What you are asked to do » Retype only the lines below from the one with "ボタンウエストストラップブラウス GREY" to the one with "Bunion Correction Muscle", inclusive, skipping every image.

Records to process »
⟨
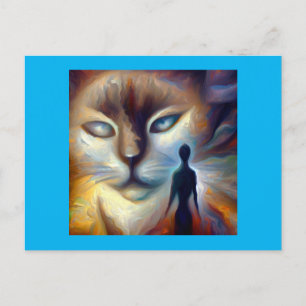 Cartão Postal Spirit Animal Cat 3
⟩
⟨
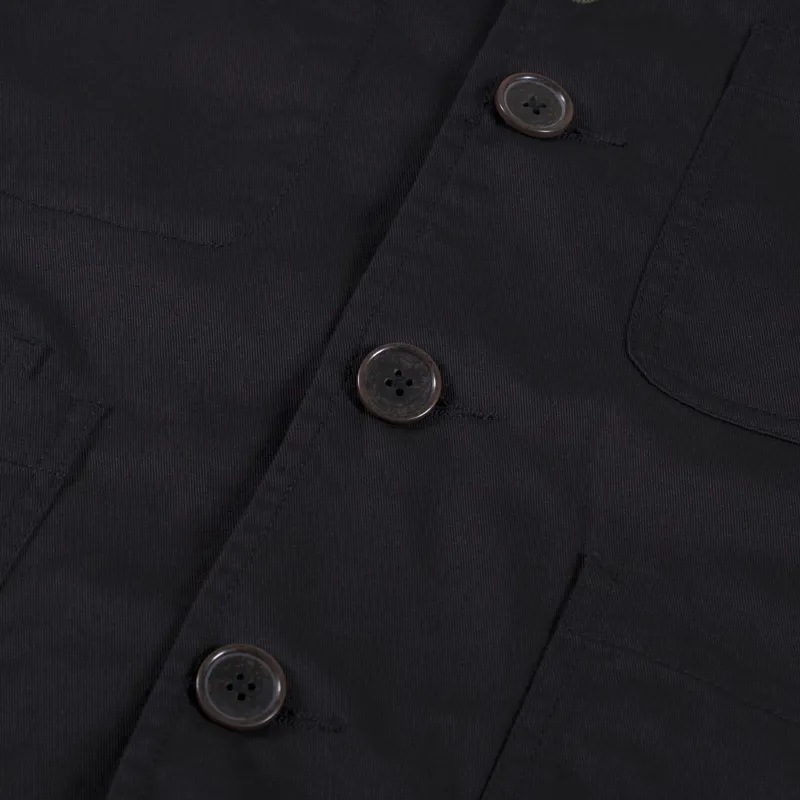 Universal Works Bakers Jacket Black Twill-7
⟩
⟨
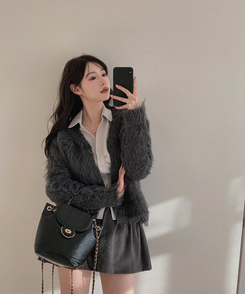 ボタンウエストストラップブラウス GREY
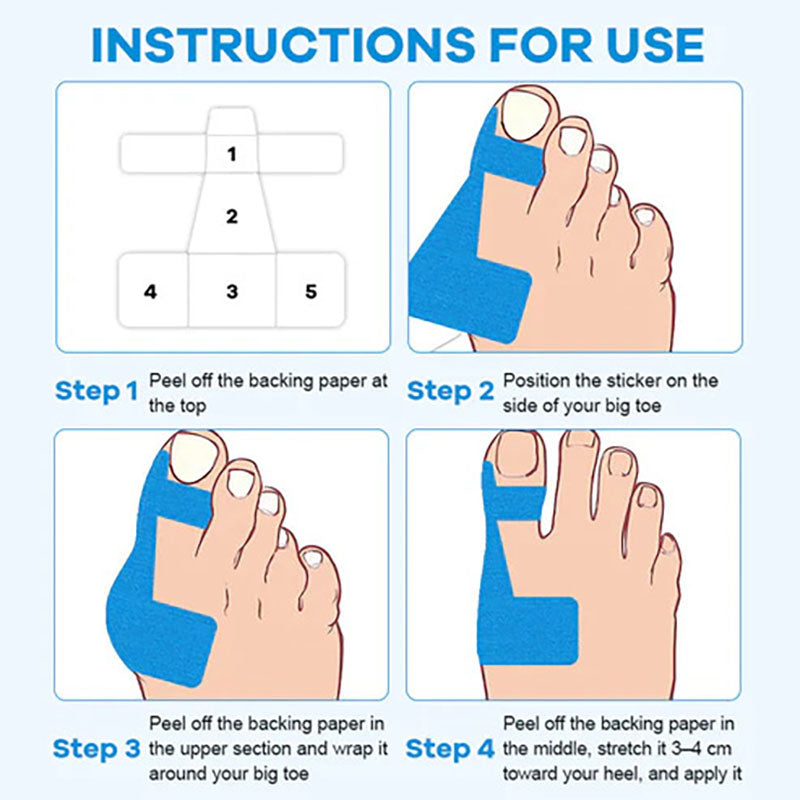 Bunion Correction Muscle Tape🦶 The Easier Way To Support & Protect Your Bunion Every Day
⟩
Solution »
 ボタンウエストストラップブラウス GREY
 Bunion Correction Muscle Tape🦶 The Easier Way To Support & Protect Your Bunion Every Day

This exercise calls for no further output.